Selling experiences

Commodities are fungible, goods tangible, services intangible, and experiences memorable.

The entire history of economic progress can be recapitulated in the four-stage evolution of the birthday cake. As a vestige of the agrarian economy, mothers made birthday cakes from scratch, mixing farm commodities (flour, sugar, butter, and eggs) that together cost mere dimes. As the goods-based industrial economy advanced, moms paid a dollar or two to Betty Crocker for premixed ingredients. Later, when the service economy took hold, busy parents ordered cakes from the bakery or grocery store, which, at $10 or $15, cost ten times as much as the packaged ingredients. Now, in the time-starved 1990s, parents neither make the birthday cake nor even throw the party. Instead, they spend $100 or more to “outsource” the entire event to Chuck E. Cheese’s, the Discovery Zone, the Mining Company, or some other business that stages a memorable event for the kids—and often throws in the cake for free.

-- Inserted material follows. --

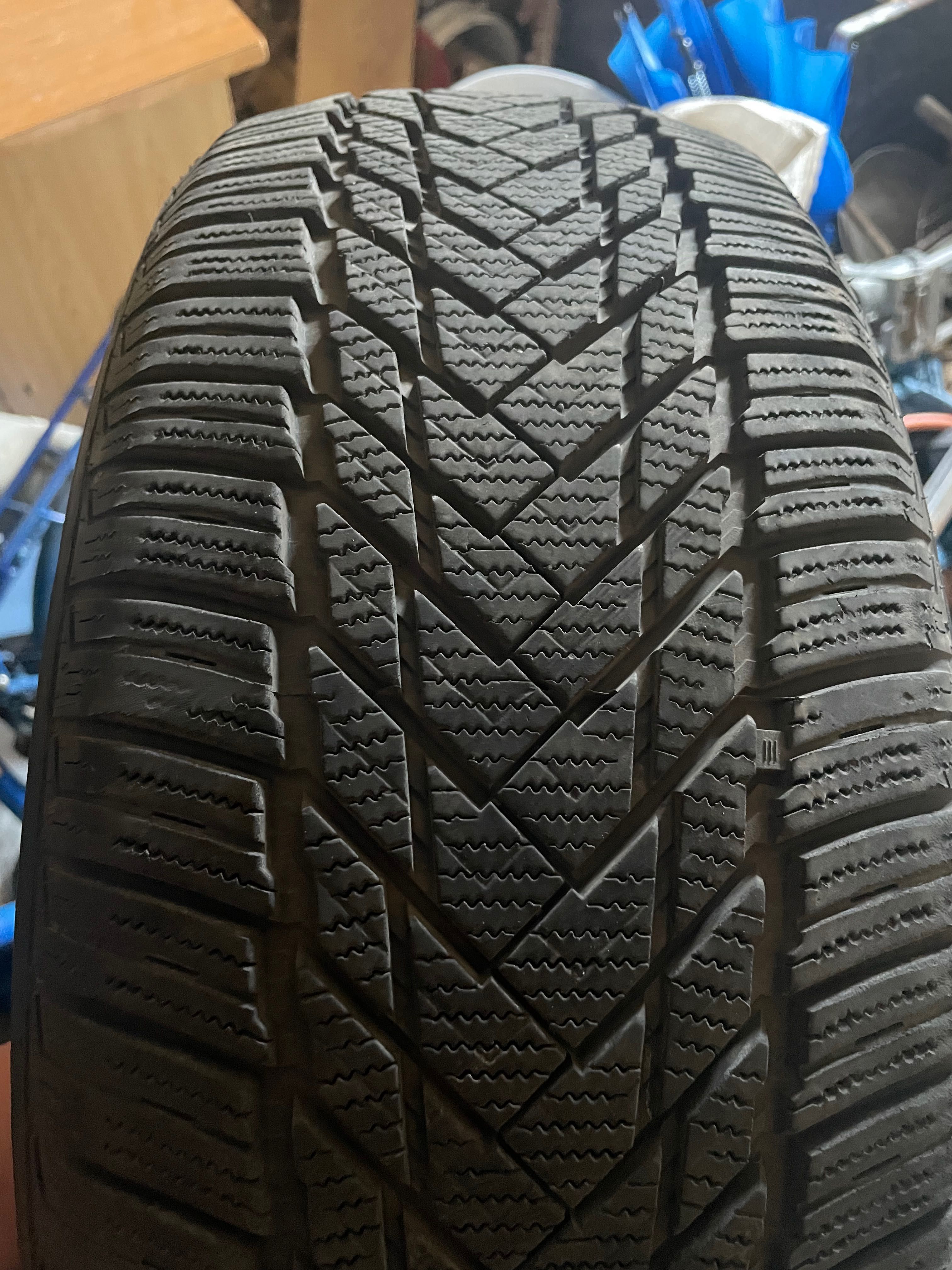 Opony zimowe 205/55R16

Talking to my banker yesterday she asked, “Is this a non-profit venture?” I laughed and said that it wasn’t supposed to be.

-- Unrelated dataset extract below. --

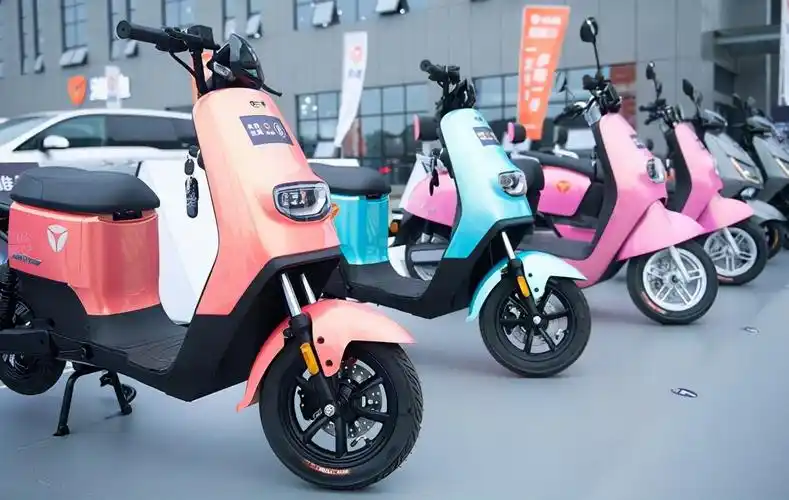 要学会区分翻新电池,维修电池和周转电池的区别首先看电池的生产日期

Our current problem to solve is how to sell more of an experience, or how to get people to pay for an experience that was once free.

The audio stories we create fill a real need but it’s an emotional one, one that is currently being fulfilled by a free product. Our strategy thus far has been something akin to public radio – to support the continued development of the pod, please subscribe to our Patreon or donate a one time sum. In return you get ….. These CTA’s we developed were criticized as being amateurish. Though true, I think the real problem is that it appeals to their good will versus realizing that they are getting something of value in return.

But I am still not clear how to communicate this value.

We are now switching our focus to selling a premium feed but the problem remains. How to sell our value when the paid version is simply more, even though it fulfills a need stated by our listeners (more stories please!). I’m stuck on commoditization as a strategy, we give you more of the same, and we remove some pain points (ads).

How to sell experiences? How to create more value for listeners, so that it’s worth it for them to pay? How to sell this?

So many questions and so few answers.